WORK ITEM —
Return the following from the records below: each line, word for word, starting with the line that contains "Casa quadrilocale in" and going on through the line that contains "2514 Mcclendon Street, Houston, TX 77030", with nothing outside that range.

SUPPLIED RECORDS —

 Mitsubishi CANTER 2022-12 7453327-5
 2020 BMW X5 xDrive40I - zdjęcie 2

...

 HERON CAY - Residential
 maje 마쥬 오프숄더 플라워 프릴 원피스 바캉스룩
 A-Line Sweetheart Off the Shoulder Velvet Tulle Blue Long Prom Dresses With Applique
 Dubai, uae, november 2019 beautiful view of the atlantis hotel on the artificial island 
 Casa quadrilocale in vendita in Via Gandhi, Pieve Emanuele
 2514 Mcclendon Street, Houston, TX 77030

RESULT —
 Casa quadrilocale in vendita in Via Gandhi, Pieve Emanuele
 2514 Mcclendon Street, Houston, TX 77030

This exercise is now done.